A long time ago, I heard the following joke: The Illiad and The Odyssey were not written by Homer, but by another Greek named Homer.
Funny? Well, maybe not. There's some truth to this, though. If you Google my name ("Don Harlow"), you'll find a whole lot of pages with that name on them. Most of them are mine, thanks to my on-line work for Esperanto. But somewhere in there, you'll find one about a Don Harlow buried at the Arlington National Cemetery -- the one who was, for a number of years, the Chief Master Sergeant of the Air Force. He wasn't me -- I think.

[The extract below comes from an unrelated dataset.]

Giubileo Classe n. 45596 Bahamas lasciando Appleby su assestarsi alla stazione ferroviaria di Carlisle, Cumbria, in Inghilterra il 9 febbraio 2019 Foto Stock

The question arises because last Sunday, while I was getting dressed, I heard Richard Ben-Veniste and John Lehman discussing the 9/11 panel's work with Tim Russert. Ben-Veniste was emphasizing that the panel had pretty much decided (read: "demonstrated") that there was no link between the Al-Qaeda Islamic terrorist network and Saddam Hussein's non-religious police state in Iraq. This is not a pleasant concept for the administration; that linkage was close behind the illusory Weapons of Mass Destruction in their decision to make war on little Iraq. As late as last week, Vice-President Cheney was stating that he had information (that maybe the panel didn't have -- whyever not?) that demonstrated such a link. As an example, former navy secretary Lehman pointed to a high officer in Saddam's militia who was also a member of Al-Qaeda.
Today the Washington Post advises us that this appears to be a confusion of names. The officer in Iraq, one Lt. Col. Hikmat Shakir Ahmad, is quite likely not the same as Al-Qaeda's Ahmad Hikmat Shakir Azzawi, who seems to have operated in Malaysia, quite a distance away from Iraq. The Post also reports that this confusion was already called into question months ago by U.S. intelligence agencies, and that the link has already been soundly rejected by those in the know.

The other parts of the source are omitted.